En revanche, dans les Préalpes du Sud, en 1730, les bovins se limitent au bétail de trait, en particulier dans le Diois et les Baronnies. Les ovins l’emportent, surtout en Dévoluy. Et les Alpes du Sud offrent le grand secteur de la transhumance ovine, venu de Provence depuis le Moyen Âge. Entre les deux types de régions, des massifs comme le Queyras, le Briançonnais et l’Oisans, dans lesquelles les orientations sont partagées, assurent une transition vers les herbages savoyards.
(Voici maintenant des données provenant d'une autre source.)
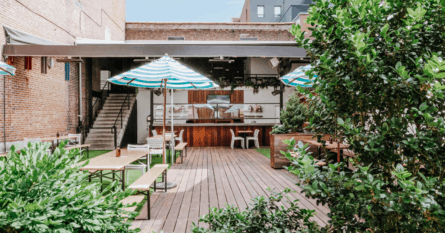 The back patio at Freehold Brooklyn. Image: Courtesy of FREEHOLD Hospitality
À quand remonte cette spécialisation ? En Beaufortain, l’élevage ovin semble régresser au profit d’une spécialisation bovine entre 1560 et 1660. Dans le haut Faucigny, l’hétérogénéité est plus marquée au XVe siècle : autour de Chamonix, la présence d’un cheptel ovin et caprin aussi dense en effectifs que celui des bêtes à cornes permet d’exploiter des pâturages inaccessibles aux bovins, ou d’une qualité médiocre, tout en limitant la consommation hivernale de foin. Mais cette égalité numérique, qui génère une supériorité en capital de l’élevage bovin, place déjà le Faucigny, à la fin du Moyen Âge, dans le groupe des « montagnes à vaches », alors que la Provence fait partie des « montagnes sèches », malgré un nombre de bovins non négligeable. Autour de Basse-en-Oisans, dans ce secteur intermédiaire entre les Alpes savoyardes, aux gras pâturages chers aux bêtes à cornes, et les Alpes du Sud, vouées aux bêtes à laine, le troupeau mue sur un siècle, entre 1630 et 1730 : tandis que l’espace arable est grignoté par celui pastoral, et que les effectifs s’accroissent pour tous les animaux, le troupeau de vaches laitières va jusqu’à presque doubler.
Depuis un demi-millénaire, le gros bétail tient la première place dans les Alpes du Nord, tandis que le menu bétail l’emporte dans les Alpes méridionales. Mais les contrastes ne se renforcent que progressivement avant d’être aussi nets qu’aujourd’hui.